Sort through the anvil fire site. There are lots of good ideas there.

Destichado is correct you are looking at three different processes and three separate requirements for the tool.

Re: forge recommendations?

Posted: Mon Apr 23, 2012 7:00 pm
by Marco-borromei
Thaddeus wrote: You don't even need to get that fancy, you can build an atmospheric burner and clamp it to something stable and aim it at a chamber made from firebricks. I am thinking 35-50 bucks might do it.
I dabble in all three processes the OP listed, and this above is exactly what I have... a pile fo firebricks and a weed burner.

I bought a tool cart with an open pan top from Harborfreight and poured the top full of refractory cement. I have a pile of firebricks in the bottom which I can use to build walls as large as the whole tray, or as small as a little knife blank. I have a few firebricks wired together into a lid with an expanded steel frame which I can set on top. A weed burner clamps to the card rail and I can hit welding temps on most things or melt several pounds of bronze. Arranged like an open top firepit and I can heat larger pieces of sheet for armor work. For extremely large pieces (heating an entire breastplate] I arrange the firebricks over a patch of driveway and aim the weedburner down by hand.

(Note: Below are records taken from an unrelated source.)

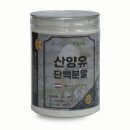 앤 인터내셔널 이미지
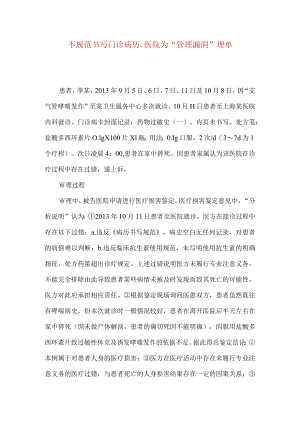 不规范书写门诊病历,医院为“管理漏洞”埋单.docx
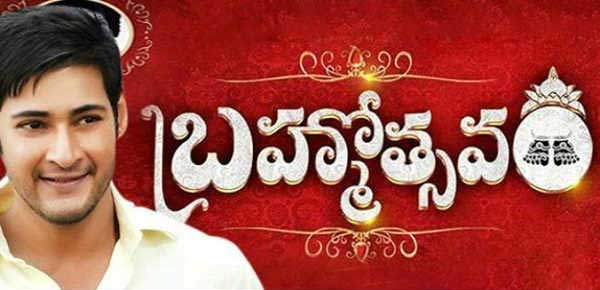 'Brahmotsavam' Dialogues Leaked!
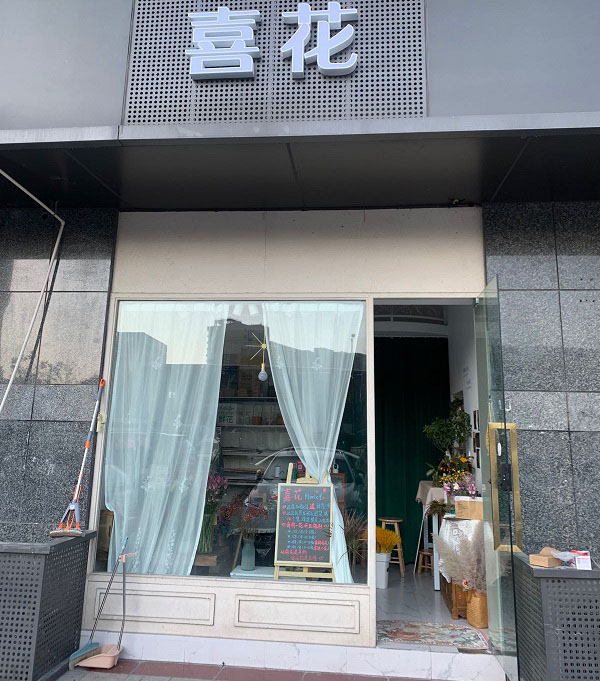 南京瀛洲湾小区附近花店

I paid $70 for the cart, $50 for fire bricks, $30 for castable refractory, and $25 for the weedburner... Less than $200 with tax for a setup that can do several different processes.

Re: forge recommendations?

Posted: Mon Apr 23, 2012 8:12 pm
by AwP
I agree that the best way would be to have 3 specialized forges, but if you just really don't want to, you could get a big stack of firebricks and stack them in different formations depending on the job.